Da rollt mein (sehr gut) eigenstartfähiges Segelflugzeug Richtung Paris vom Hof und der Käufer wird sicher ebenso glücklich und zufrieden mit dem Segelflugzeug sein, wie ich es war. Wer jetzt hofft, dass ich etwas Schlechtes zu berichten hätte, dem kann ich nur sagen: es wäre Jammern auf allerhöchstem Niveau und dazu glatt gelogen. Kurz gesagt, ich hätte mir das Modell ohne jedes Zögern wieder gekauft, wenn ich nicht die Antares kennen gelernt hätte.
Aber einen wirklichen Anlass zur Sorge hatte ich nicht, denn im vergangenen Sommer konnte ich bei einem ausführlichen Probeflug ab Zweibrücken mit einer Antares 20E nur konstatieren, dass es Axel Lange und seiner Mannschaft gelungen ist, tatsächlich etwas in die Luft zu bringen, das dem Optimum für mich sehr nahe kommt. Die Antares ist nicht die Eier legende Wollmilchsau, die die Quirligkeit der 15m-Flieger mit dem Gleitzahlvermögen der eta / concordia unter einen Hut bringt – das wäre doch eine zu verwegene Verkaufspolare. Aber sie ist ein perfekter Kompromiss aus Handling am Boden und Flugleistung in der Luft.
Ich will mich dazu nicht mit den in anderen Berichten ausführlich beschriebenen Fakten aufhalten. Denen ist nichts hinzuzufügen, sondern ein paar subjektive Punkte aufgreifen, die meines Erachtens den Fortschritt für mich begründen. Was heißt hier Fortschritt?
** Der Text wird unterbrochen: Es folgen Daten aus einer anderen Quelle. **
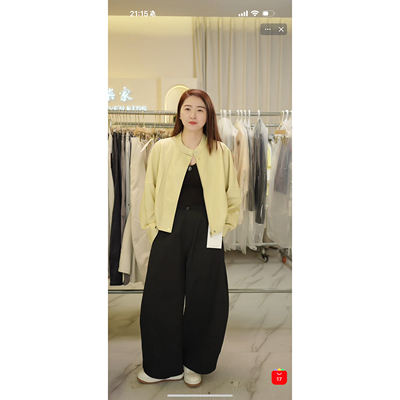 FL 7052 春款弯刀裤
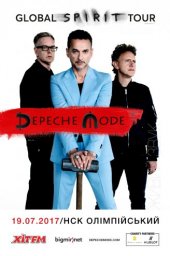 ������ 2017 / ��� / Depeche Mode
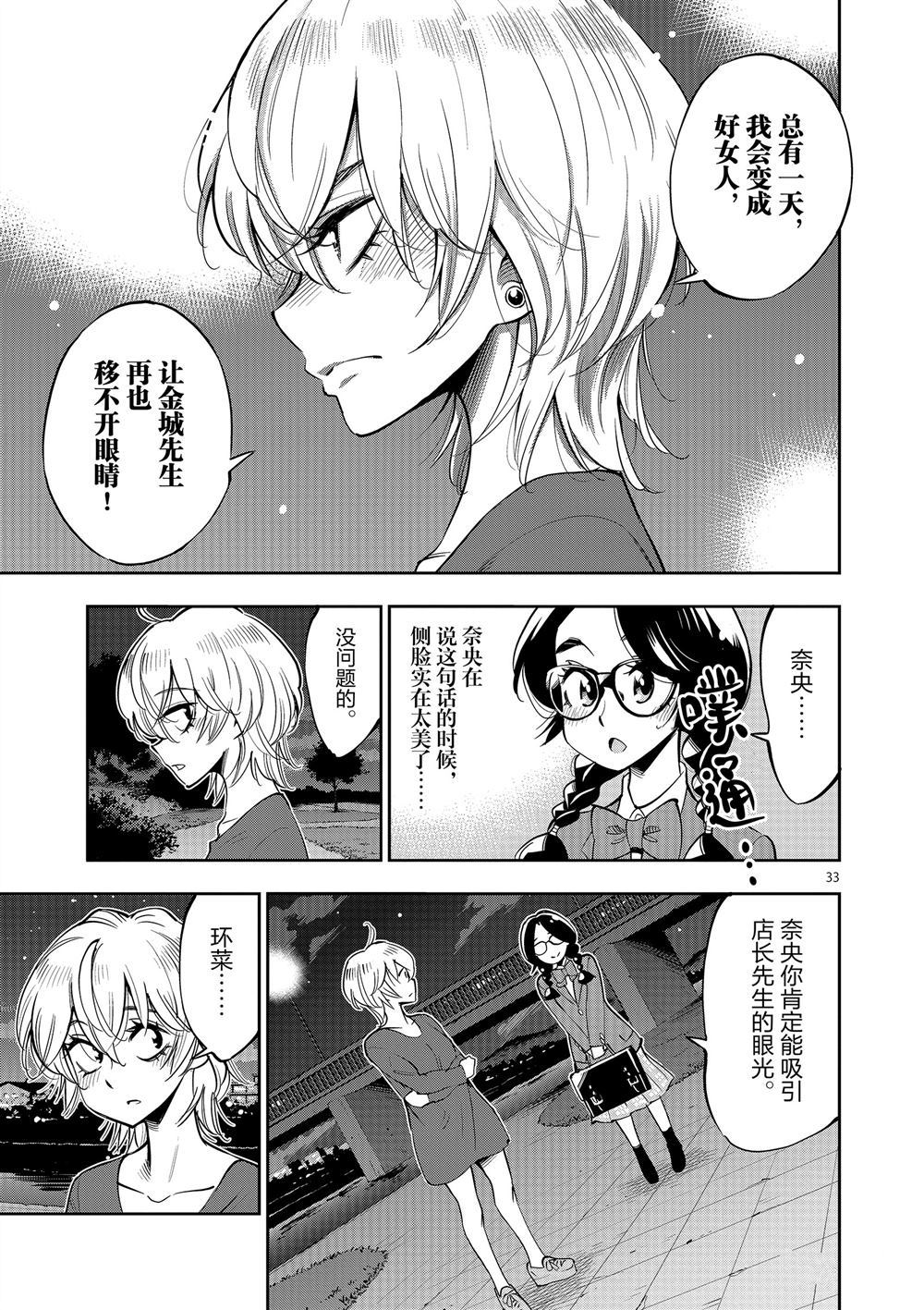 第 37 页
Es sind in vielen Punkten Nuancen – selbst wenn technisch dahinter eine Revolution stecken sollte (was ich nicht wirklich beurteilen kann), die sich erst nach einiger Zeit entdecken lassen.
Da ist die Ergonomie des Cockpits: zunächst habe ich das Gefühl, ich finde da keine passende Sitzposition, trotz der wirklich vielfältigen Einstellmöglichkeiten. Irgendwie ist der Knüppel zu nah, ich sitze seltsam(?), die Flugzeugnase so endlos weit weg. Das Ergebnis ist verblüffend, ich habe die Sitzposition so wie von Axel Lange für meine Körpergröße vorgedacht wurde eingestellt und alles passt im Flug perfekt. Ich muss mich nicht zur Einstellung am Flugcomputer oder Instrumenten nach vorne beugen oder den Arm über Gebühr ausstrecken, der Knüppel fällt einem regelrecht in die Hand, alle Bedienelemente liegen im kommoden Umkreis.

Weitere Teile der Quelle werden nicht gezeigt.